_RECORD SET_
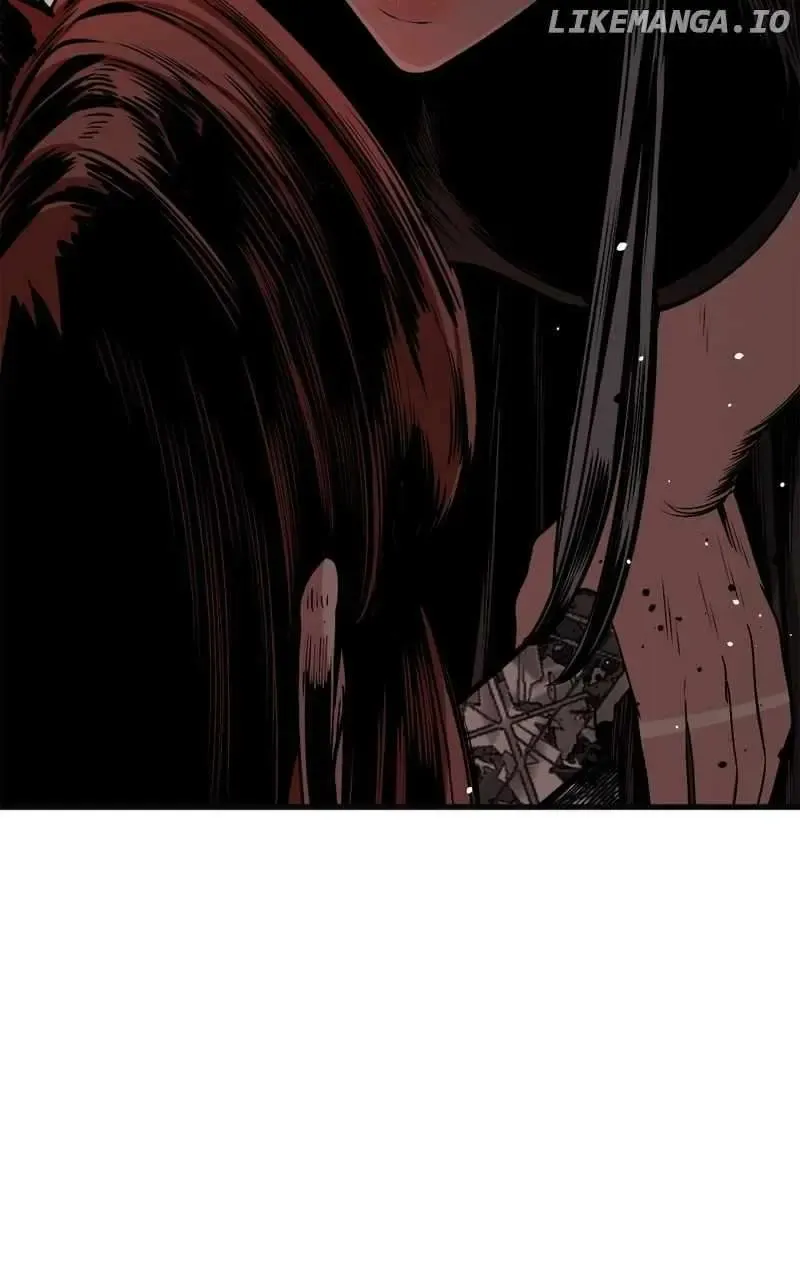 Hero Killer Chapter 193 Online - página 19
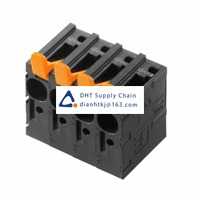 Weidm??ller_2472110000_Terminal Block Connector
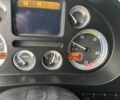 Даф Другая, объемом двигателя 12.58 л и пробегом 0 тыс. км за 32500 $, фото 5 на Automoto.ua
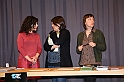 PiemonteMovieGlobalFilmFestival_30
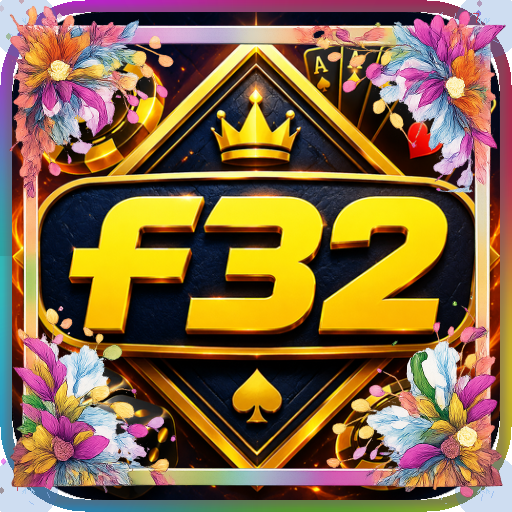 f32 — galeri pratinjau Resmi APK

_REQUIRED ACTION_
Retype the entries word for word. Omit any images.

_EXERCISE OUTPUT_
 Hero Killer Chapter 193 Online - página 19
 Weidm??ller_2472110000_Terminal Block Connector
 Даф Другая, объемом двигателя 12.58 л и пробегом 0 тыс. км за 32500 $, фото 5 на Automoto.ua
 PiemonteMovieGlobalFilmFestival_30
 f32 — galeri pratinjau Resmi APK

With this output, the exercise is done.